Aim of the task> Each line of the data must be copied exactly.

+--

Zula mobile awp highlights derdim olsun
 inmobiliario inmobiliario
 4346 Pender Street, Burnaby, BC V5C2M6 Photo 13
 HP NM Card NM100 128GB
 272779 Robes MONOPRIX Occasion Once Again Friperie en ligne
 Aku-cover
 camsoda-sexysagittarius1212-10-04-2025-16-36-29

+--

Reply to the exercise>
Zula mobile awp highlights derdim olsun
 inmobiliario inmobiliario
 4346 Pender Street, Burnaby, BC V5C2M6 Photo 13
 HP NM Card NM100 128GB
 272779 Robes MONOPRIX Occasion Once Again Friperie en ligne
 Aku-cover
 camsoda-sexysagittarius1212-10-04-2025-16-36-29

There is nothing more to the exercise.